When he was eight, he saw "Star Wars" and became fascinated with the film's special effects—he was particularly curious about what Chewbacca's hair was made of. "Star Wars" seemed like an evolutionary leap from the "cheesy" feel of such Japanese movies as "Godzilla." As a teen-ager, he took a bus each weekend to a store that carried imported books and magazines, hoping to learn everything he could about filmmaking and special effects. One day, he found an issue of Fangoria, a movie magazine for blood-and-guts enthusiasts. Hiro was squeamish, yet horror films were where a lot of the innovations in makeup and low-budget effects were happening. He read an interview with Dick Smith, one of the most influential makeup artists in Hollywood, renowned for his work on "The Godfather"—notable not just for Smith's aging of Marlon Brando but for the special blood bladders he devised to make gunshot wounds more realistic—and "The Exorcist," whose remarkably visceral scenes of demonic possession remain the benchmark for scary movies. The spread featured a photograph of one of Smith's lesser-known triumphs, when he turned the actor Hal Holbrook into Abraham Lincoln for a 1976 television miniseries. "I thought, This is it. This is what I have to do," Hiro said. The next day, at school, he found a picture of Lincoln and tried to re-create the President's appearance on his own face, using makeup, with forgettable results. He had also dabbled with sculpting and 8-mm. film, but, he realized, "the human face is totally different."

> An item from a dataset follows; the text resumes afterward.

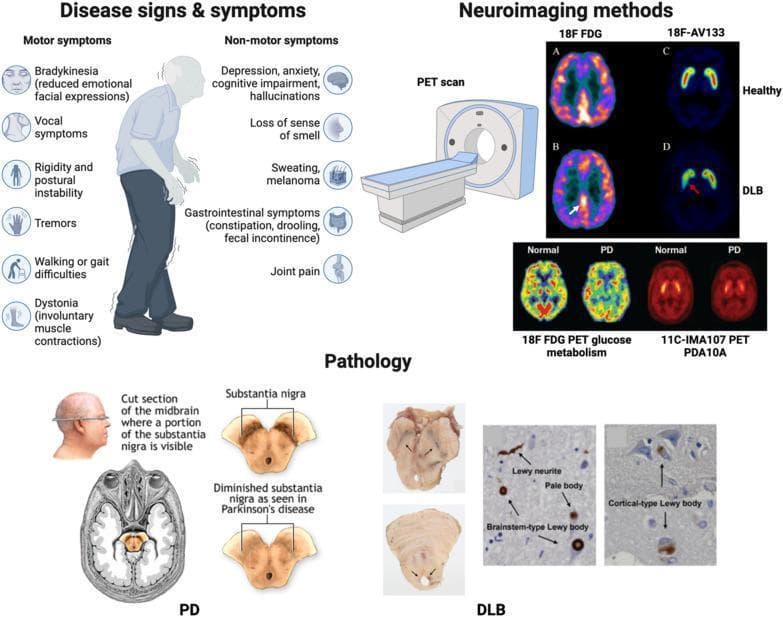 A comprehensive educational infographic summarizing the clinical features, neuroimaging, and pathology of Lewy Body (LB) diseases, specifically Parkinson's disease (PD) and Dementia with Lewy Bodies (DLB). The 'Disease signs & symptoms' section illustrates an elderly patient with classic PD posture, listing motor symptoms like bradykinesia, tremors, and rigidity, alongside non-motor symptoms such as cognitive impairment and hyposmia. The 'Neuroimaging methods' section compares PET scan modalities: 18F-FDG scans showing posterior cortical hypometabolism in DLB compared to healthy controls, and 18F-AV133 and 11C-IMA107 scans demonstrating dopaminergic and phosphodiesterase (PDA10A) alterations in PD and DLB. The 'Pathology' section features midbrain cross-sections highlighting the depigmentation of the substantia nigra characteristic of PD. It also includes histological images identifying hallmark protein aggregates: brainstem-type Lewy bodies, cortical-type Lewy bodies, Lewy neurites, and pale bodies. This diagram serves as a diagnostic and pathobiological overview of synucleinopathies for medical education.
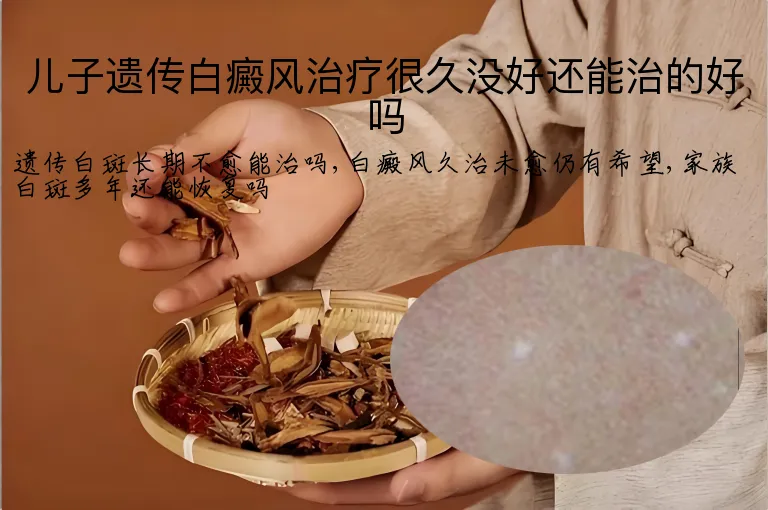 儿子遗传白癜风治疗很久没好还能治的好吗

In the late nineteen-forties, when Smith was learning the trade, makeup artists were mostly tasked with rendering actors more attractive for the camera. Those who pursued special effects, transforming actors into ghouls or bogeymen, kept their techniques a closely guarded secret. But Smith wanted to share his methods, and he wrote a how-to book for hobbyists and advertised a correspondence course in Fangoria. Hiro sent him a fan letter, and the two began writing to each other. Hiro mailed Smith photographs of his work. "He advised and encouraged me without asking for anything," Hiro said. Most fans wrote to Smith for help in bringing their fantastical visions to life, but seeing Smith's Lincoln showed Hiro an alternative. He became a student of faces—their form and structure, what people look like when they smile or communicate with their eyes. And he became drawn to the faces of accomplished people, and to the challenge of figuring out how their passion or genius "reflects on the surface," he said.